L’implication politique de la comédie musicale se situe dans l’éloge de la liberté, de la spontanéité ; ainsi, les valeurs esthétiques sont parallèles aux valeurs idéologiques. Les numéros musicaux, quelle que soit leur fidélité au quotidien, peignent une réalité claire et distincte, c’est le visage d’une culture. Les hommes collectionnent les femmes, et les femmes collectionnent les bijoux : la machine économique est parfaitement bien rodée. Mais c’est de manière officieuse que les jeunes femmes des trois Gold Diggers (1933, 1935, 1937) avouent leur intérêt pour l’argent. Ce désir est lié à une envie de vie facile aux multiples plaisirs, aux multiples jouissances. L’argent contribue à un accès à un monde nouveau, d’apparence plus beau puisque loin des soucis que causent les fins de mois difficiles. Ceci peut être une sorte de pouvoir sur autrui, au même titre que la beauté, mais pour cela il faut faire des sacrifices! Seules les apparences nous indiquent qu’elles sont des chercheuses d’or  (voir, entre autres, la séquence “We’re in the Money” dans Gold Diggers of 1933), car leur langage sème le doute. Comme le rappelle la chanson de Gainsbourg, « Jeunes femmes et vieux messieurs »: “Si elles n’ont pas d’argent, quelle importance/ De l’argent, ils en ont pour deux”.

        
Le poids du passé : mise en garde du genre.

“Rarement le film musical est allé aussi loin qu’ici dans la représentation d’une Amérique  désenchantée” (Patrick Brion, La Comédie Musicale, Paris, Édition de la Martinière, 1997, p. 59).  La séquence  “Remember  my  Forgotten  Man” (Gold Diggers of 1933) sonne comme un hommage aux héros oubliés de la première guerre mondiale ; plus encore, car, en 1933, les américains portent non seulement le poids des pertes humaines de 14-18, mais aussi celui de la situation économique. Dans cette séquence, une femme seule au beau milieu d’une rue est adossée à un réverbère ; la voix est isolée, tout d’abord en plan taille puis en gros plan sur son visage, son immobilité accentuant la valeur de ses paroles : elle accuse un “vous” que l’on devine. Sa voix résonne vite dans le cœur de toutes les autres femmes : la douleur de la perte, associée tragiquement à l’oubli, est insupportable, l’ensemble se fait l’écho de l’individu. Cette participation exprime l’universalité du moi, la conscience du caractère commun de l’expérience ; elles font chœur et trouvent par la même l’unité collective. La musique, saccadée, haletante, semble directement sortie des corps des soldats qui marchent au pas dans le défilé militaire, c’est comme un départ en croisade, irréversible. Et on les voit, ces soldats, partir vaillants sous les cris de la foule, sous la pluie… Cette pluie peut être vue comme métaphore des pleurs des femmes, et cette eau, par laquelle le mal arrive, produit son lot de souffrance ; en contre sens reviennent les blessés, les cadavres… Les gens font la queue pour la soupe populaire. Déchéance d’un peuple. Ingratitude d’une nation.

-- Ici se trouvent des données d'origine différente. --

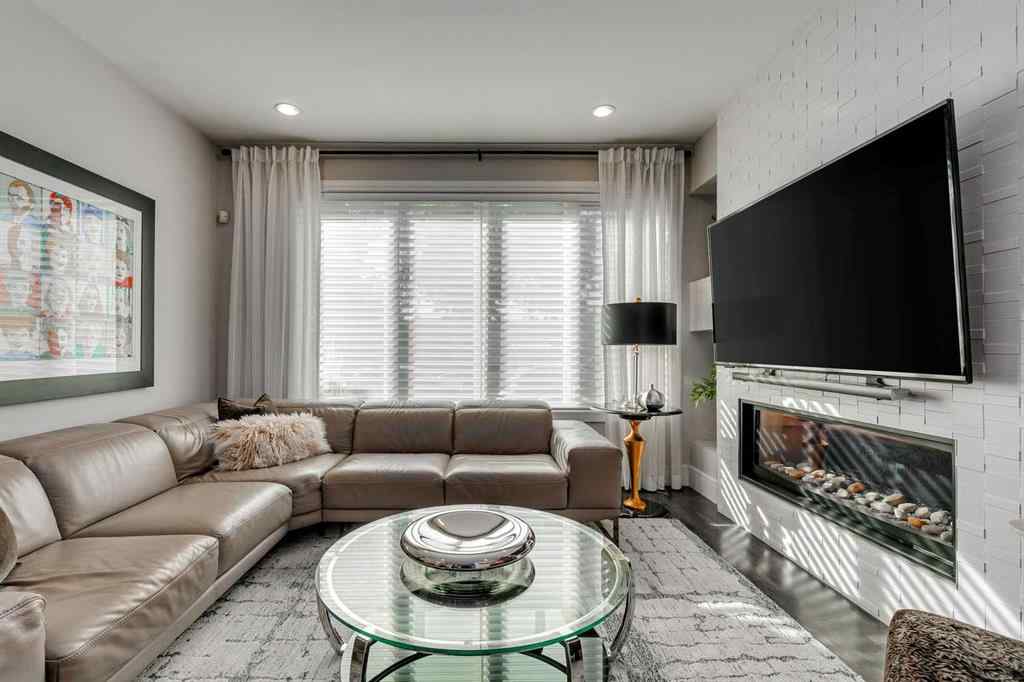 MLS® A2259046 - 506 54 Avenue SW in Windsor Park Calgary, Residential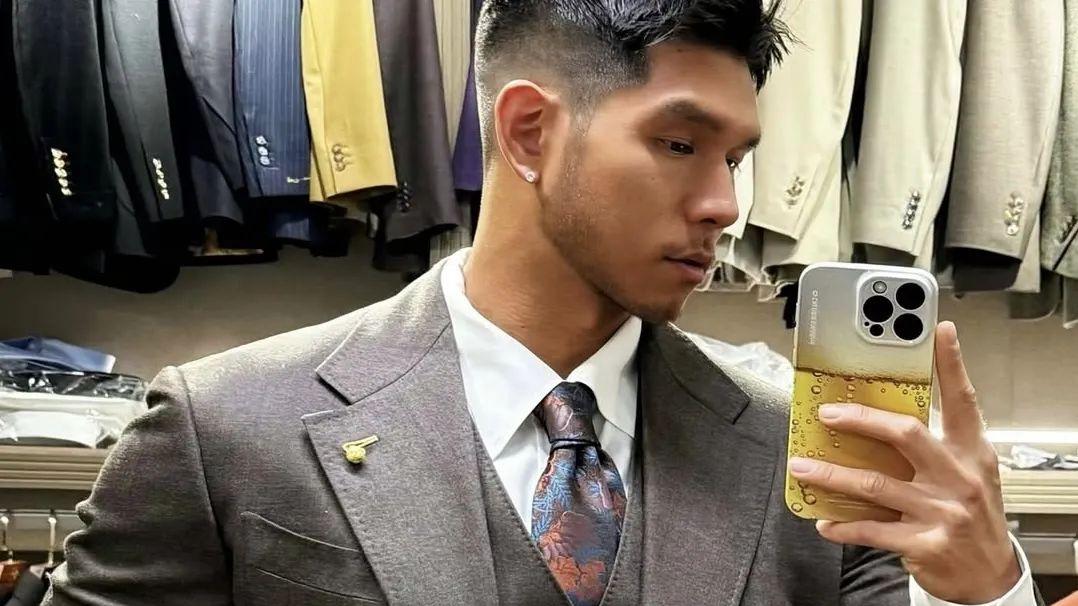 上海土直多巴胺帅哥，这黑皮和络腮胡也太配啦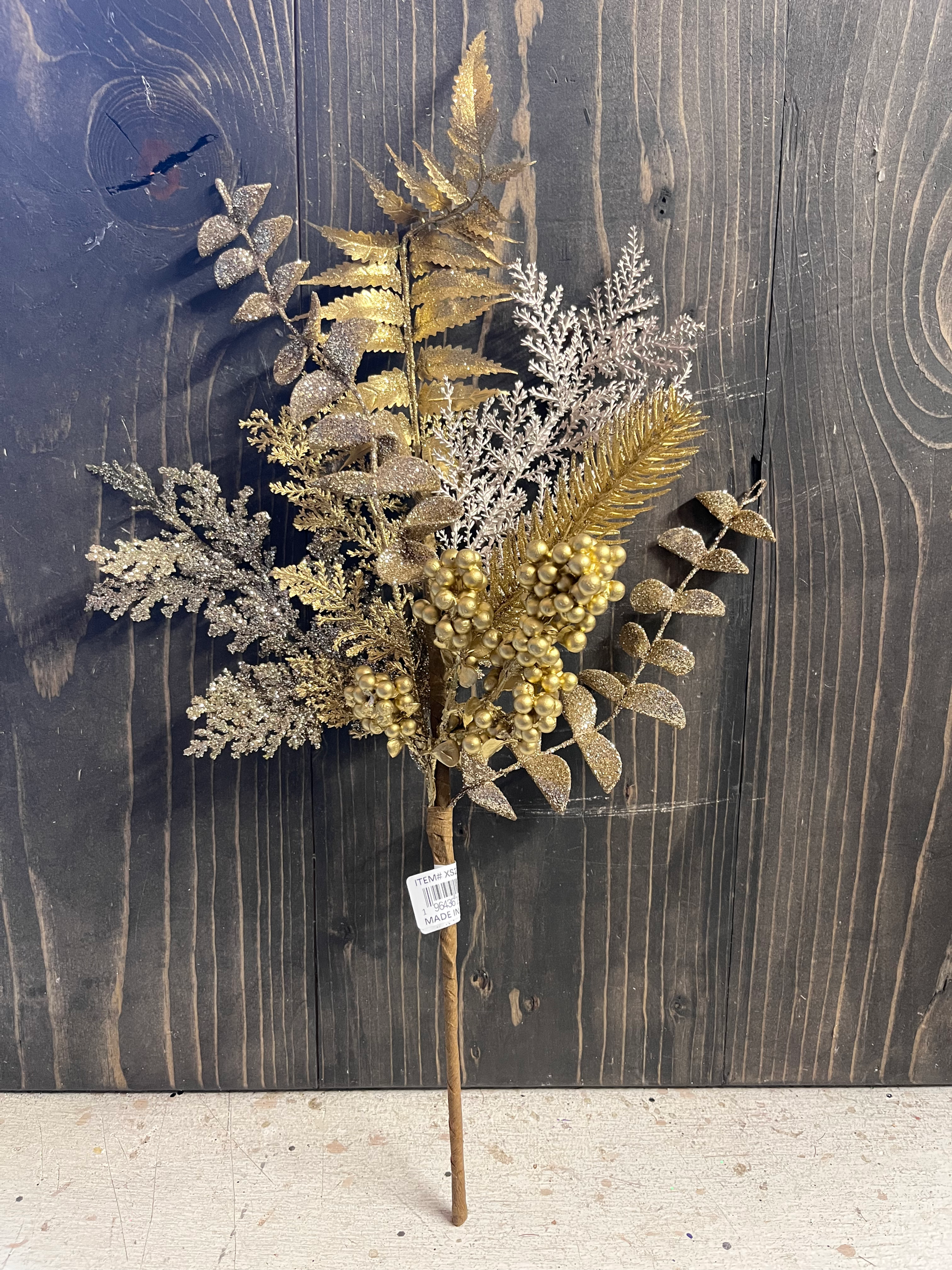 Metallic Cedar Fern Gold spray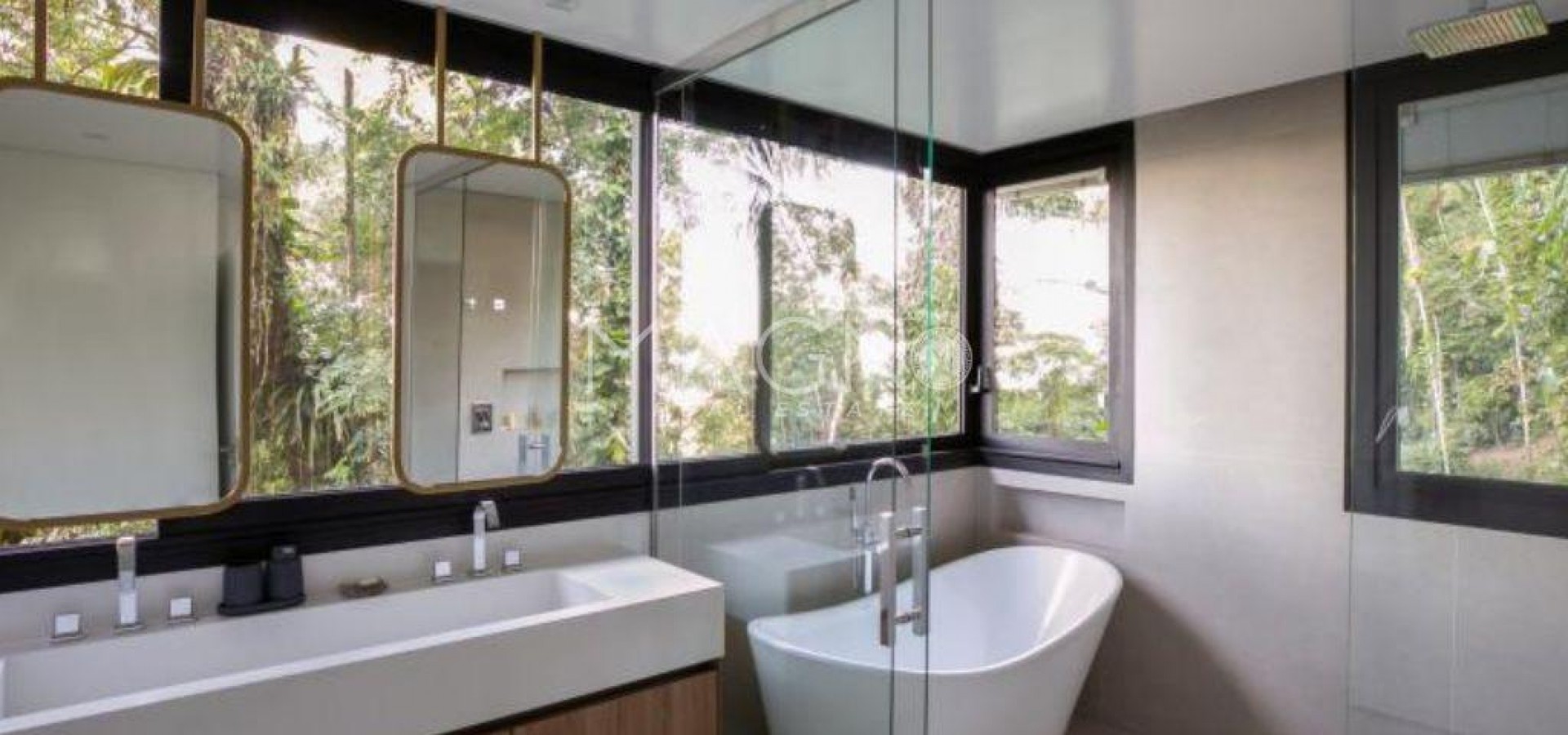 Luxuosa mansão de condomínio no Guarujá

    Et puis l’écran se remplit de trois voûtes dans lesquelles des silhouettes de soldats avancent au pas : ils ne sont plus que des ombres, que des fantômes au pays des morts-vivants. Ces corps en abondance sont le reflet d’un mal qui met tout le monde à égalité : pas de cas particulier, mais une troupe que l’on a envoyé se faire tuer et qui reste unie malgré les pertes. Le plus troublant, ici, c’est qu’il s’agit de la dernière séquence du film : le mot The End” apparaît en fondu enchaîné, après le baissé de rideau. Le spectateur ne peut échapper à ce numéro, il devra s’en rappeler…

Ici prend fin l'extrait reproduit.